RECORDED INFORMATION:

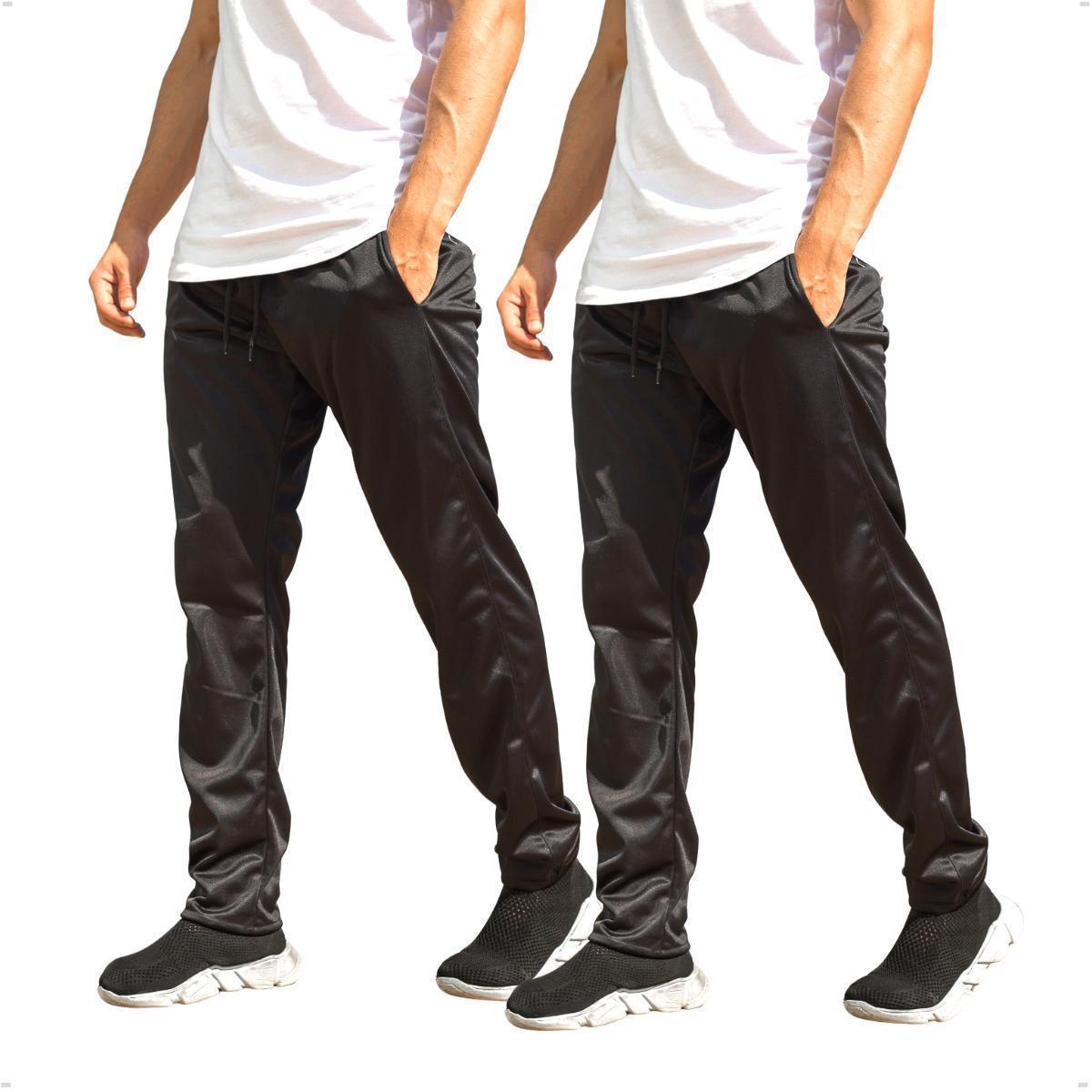 KIT 2 Calças Masculina Esporte Skinny Treino Academia Helanca Menor preço em KIT 2 Calças Masculina Esporte Skinny Treino Academia Helanca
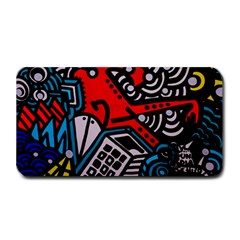 Multicolored Doodle Art Street Art Medium Bar Mat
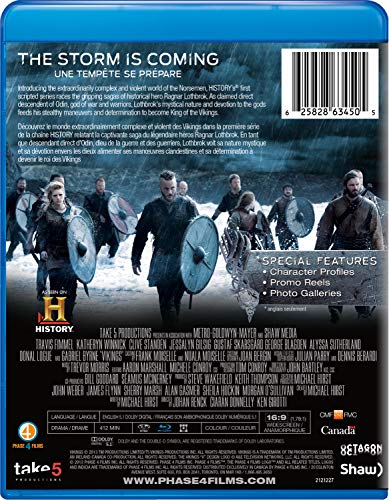 Vikings: The Complete First Season [Blu-ray] (Bilingual)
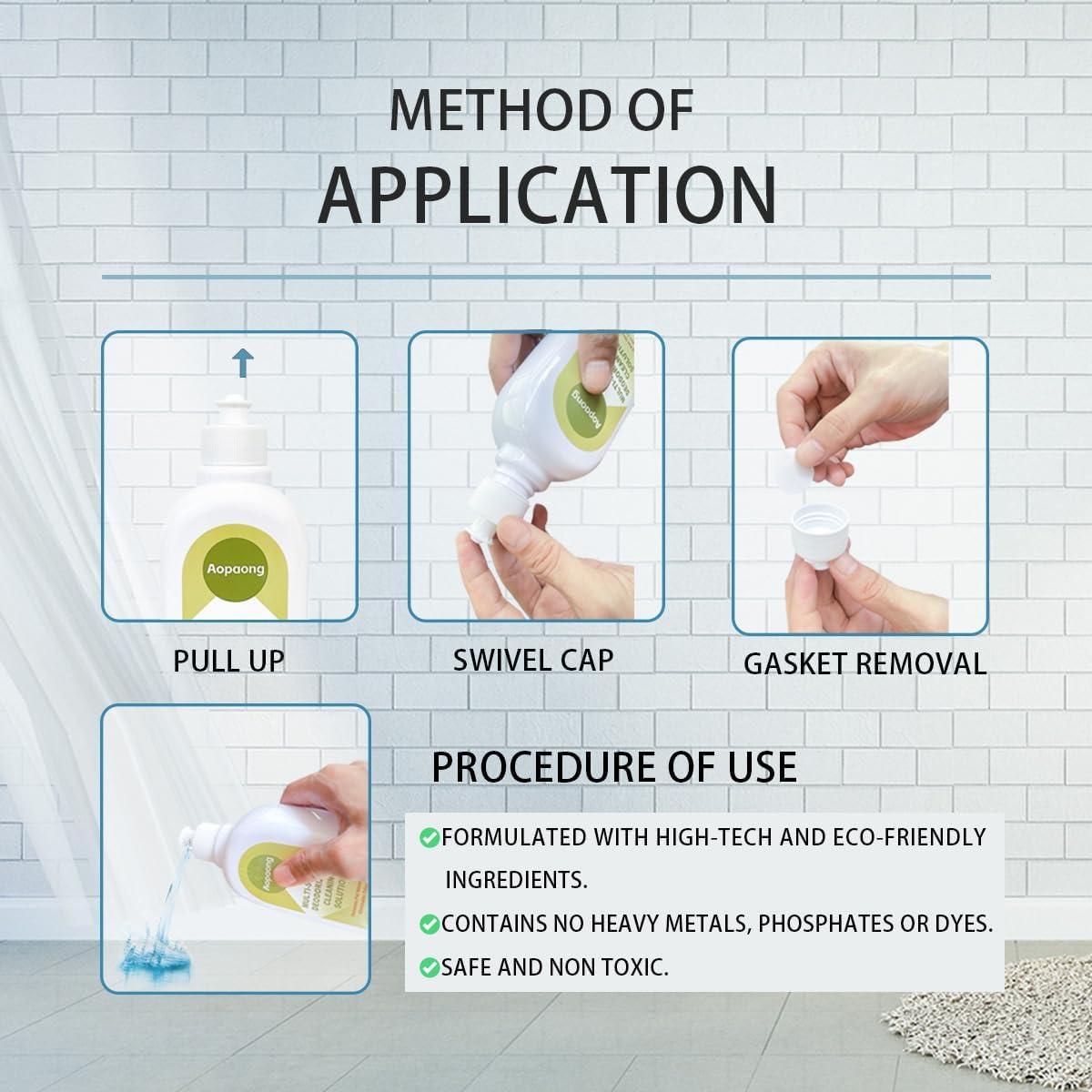 Limpiador Multi-Superficie Aopaong 500ml para Aspiradoras Robots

TASK: Would you give the data above again word for word, skipping any images?

ANSWER SECTION:
 KIT 2 Calças Masculina Esporte Skinny Treino Academia Helanca Menor preço em KIT 2 Calças Masculina Esporte Skinny Treino Academia Helanca
 Multicolored Doodle Art Street Art Medium Bar Mat
 Vikings: The Complete First Season [Blu-ray] (Bilingual)
 Limpiador Multi-Superficie Aopaong 500ml para Aspiradoras Robots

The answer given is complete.